Here are some key points to keep in mind.
1. Design Sets the Stage for the Offer
First and foremost, design sets the stage for your offer. The goal for design is to set the right mood for the copy and to help get your copy read.
Joseph Sugarman talks about this in his book The Adweek Copywriting Handbook. In chapter four he writes:
All the elements in an advertisement are primarily designed to do one thing and one thing only: get you to read the first sentence of your copy.
Later in chapter six he writes:
Your ad layout and the first few paragraphs of your ad must create the buying environment most conducive to the sale of your product or service.
As you can see from these quotes, the function of design is to get your copy read and to create the right “buying environment” for your offer.
If you’re a creative company, then your website design should present your business as a professional, modern, creative company. The colors, fonts, and layouts you choose will position your business in one way or another.

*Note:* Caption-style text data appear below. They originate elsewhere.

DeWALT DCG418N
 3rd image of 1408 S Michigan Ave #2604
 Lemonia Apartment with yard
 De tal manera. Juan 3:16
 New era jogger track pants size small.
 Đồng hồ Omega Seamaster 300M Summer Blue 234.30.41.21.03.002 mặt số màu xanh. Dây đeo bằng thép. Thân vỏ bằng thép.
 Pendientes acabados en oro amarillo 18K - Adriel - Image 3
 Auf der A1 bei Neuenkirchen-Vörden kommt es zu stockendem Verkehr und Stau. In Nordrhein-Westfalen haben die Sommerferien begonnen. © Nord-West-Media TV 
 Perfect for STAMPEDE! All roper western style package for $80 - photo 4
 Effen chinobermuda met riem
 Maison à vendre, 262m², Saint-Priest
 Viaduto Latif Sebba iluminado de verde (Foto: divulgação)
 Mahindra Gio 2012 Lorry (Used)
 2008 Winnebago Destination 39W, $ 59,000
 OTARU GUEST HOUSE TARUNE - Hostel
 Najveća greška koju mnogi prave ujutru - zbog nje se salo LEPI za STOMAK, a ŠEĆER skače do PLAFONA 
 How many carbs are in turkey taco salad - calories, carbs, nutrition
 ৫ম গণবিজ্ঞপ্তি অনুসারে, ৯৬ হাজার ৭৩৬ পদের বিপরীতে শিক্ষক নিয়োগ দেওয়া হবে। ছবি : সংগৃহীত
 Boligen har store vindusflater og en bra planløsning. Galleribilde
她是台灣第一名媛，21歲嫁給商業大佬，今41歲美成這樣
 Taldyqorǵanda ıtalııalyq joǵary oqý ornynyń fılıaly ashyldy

If your design looks like it’s from 2011, you’ll be perceived as being behind the times, even if you’re not, but if it follows current design trends, then you’ll be perceived as up to date, etc. Your site’s design affects how your copy will be read and how your company will be perceived.
Another example is a sale sign. A sale sign’s goal is to get people into a store to buy items that are on sale. The point of the sign is to indicate clearly that a sale is taking place.
Thus, the design choices selected influence how the copy is perceived. These types of signs don’t have to be as meticulously designed and usually use red or yellow generously to trigger the realization that items are on sale.
In both of these examples, design is used to create the right mood and setting for the copy. The wrong style of design will ruin even the best copy, but good copy is equally important.
2. The Point of Your Copy Is to Get Read
On the other side of the coin, the point of writing copy is for it to get read. You don’t write copy just to take up space on a page. If you think your copy won’t get noticed, then it shouldn’t be included in an ad, letter, or web page. It’s as simple as that.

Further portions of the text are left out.